** PROBLEM DETAILS **
All of the lines below need to be copied exactly, apart from the pictures.

─── STORED DATA ───

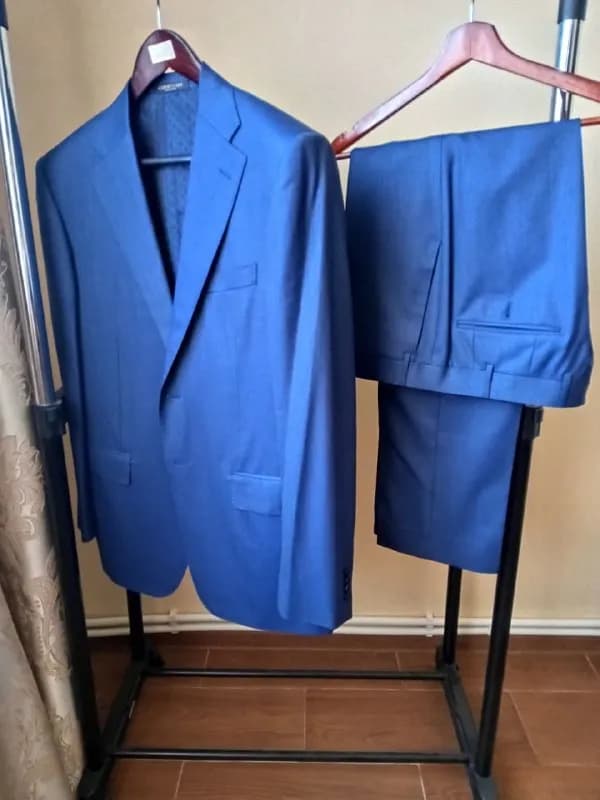 Corneliani размер 50 — Ереван — 80 000 ֏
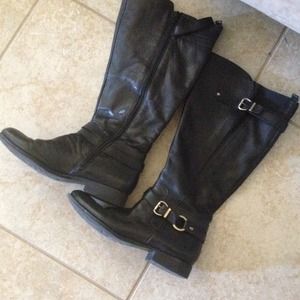 Stylish "High rise" boots.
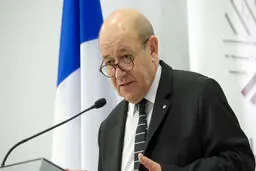 وزیر خارجه فرانسه: در نتیجه رویکرد فشار حداکثری ترامپ، فاصله زیادی نمانده تا ایران بتواند به سلاح هسته ای مجهز شود | یافتن راهکاری برای بازگشت به برجام اجتناب ناپذیر است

───

** ANSWER SPACE **
 Corneliani размер 50 — Ереван — 80 000 ֏
 Stylish "High rise" boots.
 وزیر خارجه فرانسه: در نتیجه رویکرد فشار حداکثری ترامپ، فاصله زیادی نمانده تا ایران بتواند به سلاح هسته ای مجهز شود | یافتن راهکاری برای بازگشت به برجام اجتناب ناپذیر است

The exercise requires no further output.